Sirva como excusa, en todo caso, ya que
la tercera edición de "Historias breves" es mucho más pobre que las
anteriores. Entre los quince cortos que integran los paquetes Ojo izquierdo y Ojo
derecho, estrenados a modo de largometrajes en los cines porteños, hay poco para
rescatar. La frescura de El ladrillo, elaborada en torno de un conflicto "de
drogas" entre adolescentes suburbanos, que permite el lucimiento de José Minuchín,
aunque la historia se queda sin final y dilapida buena parte de su fuerza. La idea
original que está en la base de Familia Fortone: los sin techo aprovechando los
mausoleos de un cementerio para establecer sus viviendas. Una idea que no alcanza a
florecer. La melancolía suburbana de Catherine, víctima de un guión que la
arroja prontamente al limbo. Algunos chistes de Nostalgia en la mesa 8 (sobre un
crack de fútbol del '48, que jugaba en chancletas), rematados por un desenlace previsible
y cursi. El conjunto sale airoso en los aspectos de producción. Los cortos están bien
iluminados, el trabajo de cámara es prolijo y el rubro "vestuario" es siempre
respetable, aunque hubiera sido comprensible que los realizadores principiantes
balbucearan, y aun fallaran, en los rubros técnicos, necesariamente hijos de la
experiencia y la depuración que vienen con los años. Lo que sí cabía reclamar son
ideas nuevas, núcleos temáticos vigorosos, exploraciones formales audaces. Y es esto lo
que falta. La prolijidad, pues, fue a morir en los fuegos fatuos de diversos exotismos:
carátulas rimbombantes, planos llamativos pero desligados, baches dramáticos, escenarios
desaprovechados. Es doloroso. En una época en la que, para bien y para mal, los
artífices del cine profesional han empezado a sacarse de encima los inmemoriales vicios
del "cine argentino", Ojo izquierdo y Ojo derecho ofrecen
llamativas recaídas en las generales de una lengua muerta que pocos quieren hablar, y
muchos menos escuchar. Zapallares, Paseador de almas, Territorio,
¿Dónde estaba Dios cuando te fuiste? y El fueye no
necesariamente en ese orden presentan diálogos absolutamente imposibles, alegorías
infantiles, obesidad dramática por donde se las mire. Candela, Maricel y los
del puente y La media medalla demuestran que diez minutos pueden convertirse
en una eternidad cuando la sustancia narrativa no acude a la cita.
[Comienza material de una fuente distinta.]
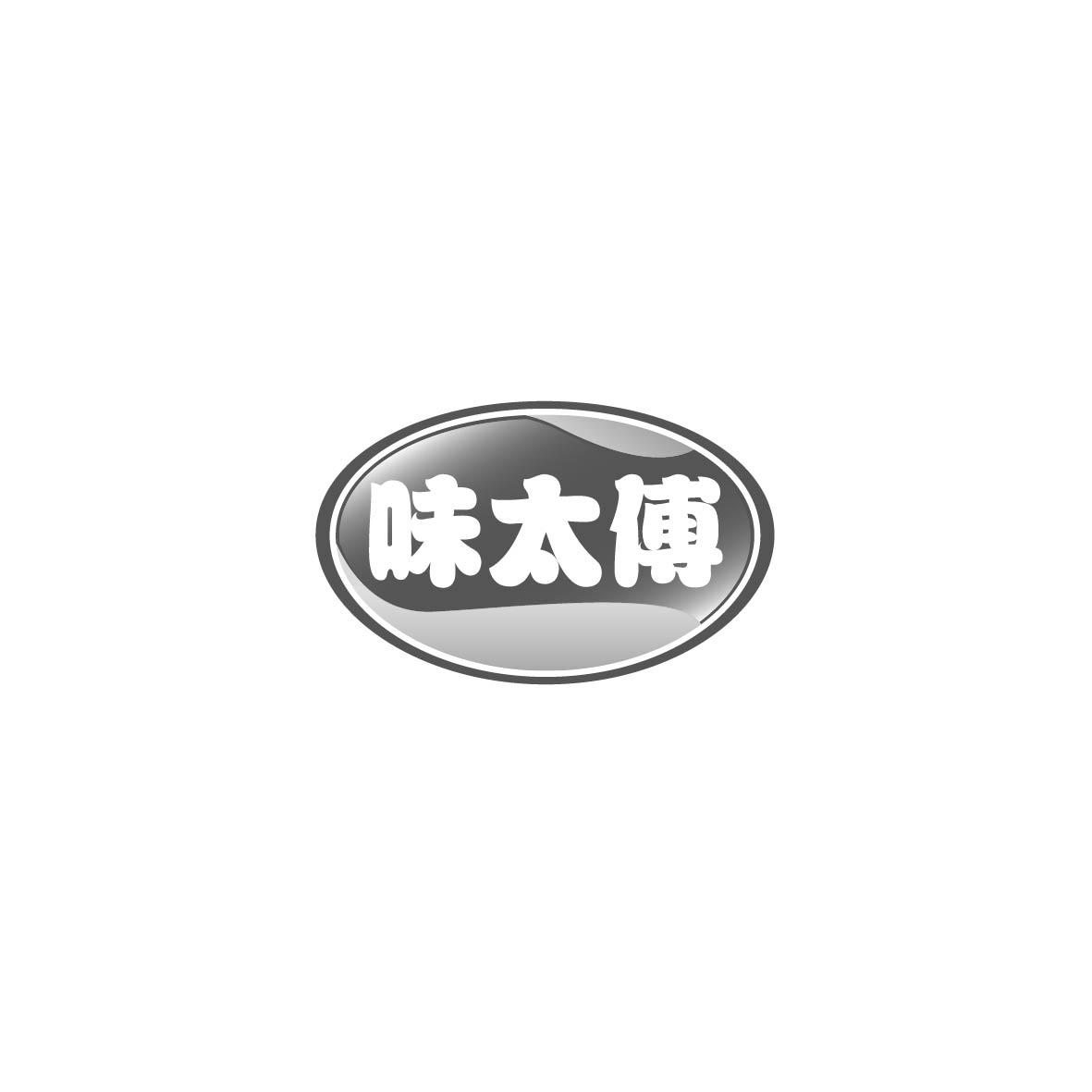 味太傅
La generosidad de los actores
argentinos volvió a poblar de figuras ilustres (Lito Cruz, Alberto Busaid, Osvaldo
Santoro, Ulises Dumont, Roberto Carnaghi, entre tantos otros) a muchos de los elencos. Las
locaciones acusan la tendencia a salir afuera y filmar la cara suburbana del Gran
Buenos Aires. La música incidental volvió a ser la prenda de un viejo malentendido:
machacona y estruendosa, se empeña en ocupar el sitio vacante del rigor visual. El sonido
ha sido invariablemente resuelto mediante la avanzada tecnología Dolby Stereo-THX (me
gustaría ver las cláusulas del contrato entre el INCAA y los representantes de esas
compañías). Lo que no impide que muchas voces nítidas parezcan salir de cualquier lado
menos de los ambientes en los que se supone que se las emitió.